Manokwari (05/02) — Ketua Badan Pengarah Percepatan Pembangunan Otonomi Khusus Papua (BP3OKP) RI Perwakilan Provinsi Papua Barat, Irene Manibuy, meminta pemerintah provinsi dan pemerintah kabupaten/kota di Papua Barat untuk serius memberi dukungan nyata kepada pengusaha Orang Asli Papua (OAP) agar mampu berkontribusi penuh dalam pembangunan daerah sesuai semangat Otonomi Khusus.
Permintaan ini disampaikan Irene Manibuy saat rapat koordinasi yang digelar di Kota Manokwari, yang turut membahas tantangan dan peluang pengembangan ekonomi lokal bagi pelaku usaha asli Papua.
Menurut Irene, dukungan pemerintah daerah tidak boleh sebatas kebijakan di atas kertas tetapi harus diwujudkan melalui pembinaan teknis, kemudahan akses, dan keterlibatan aktif pengusaha OAP dalam proyek pembangunan. Banyak pelaku usaha masih menghadapi kendala seperti keterbatasan permodalan, administrasi, serta kesulitan mengakses proyek strategis daerah.
“Pemerintah daerah wajib menunjukkan keberpihakan nyata kepada pengusaha lokal. Jangan biarkan mereka hanya menjadi penonton di tanah sendiri — libatkan mereka dalam setiap proses pembangunan,” ujarnya.

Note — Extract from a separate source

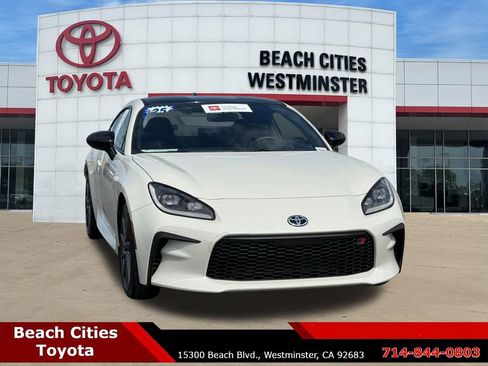 Certified 2025 Toyota GR86 Premium w/ Performance Package RWD image 3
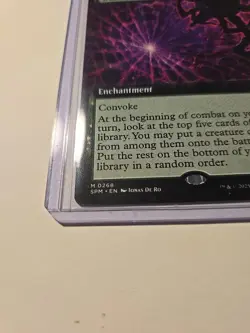 Web of Life and Destiny (Extended Art) MTG Marvel Spider-Man Regular - Image 4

Irene menegaskan bahwa pembinaan dan pendampingan berkelanjutan sangat penting agar para pengusaha OAP memenuhi standar teknis dan administratif dalam pelaksanaan pekerjaan, sehingga kontribusi mereka dapat optimal serta berdampak pada pengurangan kesenjangan ekonomi di Papua Barat.
BP3OKP RI juga berkomitmen untuk terus memantau pelibatan pengusaha OAP dalam pengadaan barang dan jasa, menjadikan transparansi dan keberpihakan sebagai indikator penilaian keberhasilan program pembangunan lokal. Tujuan jangka panjang dari upaya ini adalah mendorong kemandirian ekonomi pelaku usaha setempat sehingga mereka dapat bersaing secara berkelanjutan dan tidak hanya bergantung pada proyek pemerintah.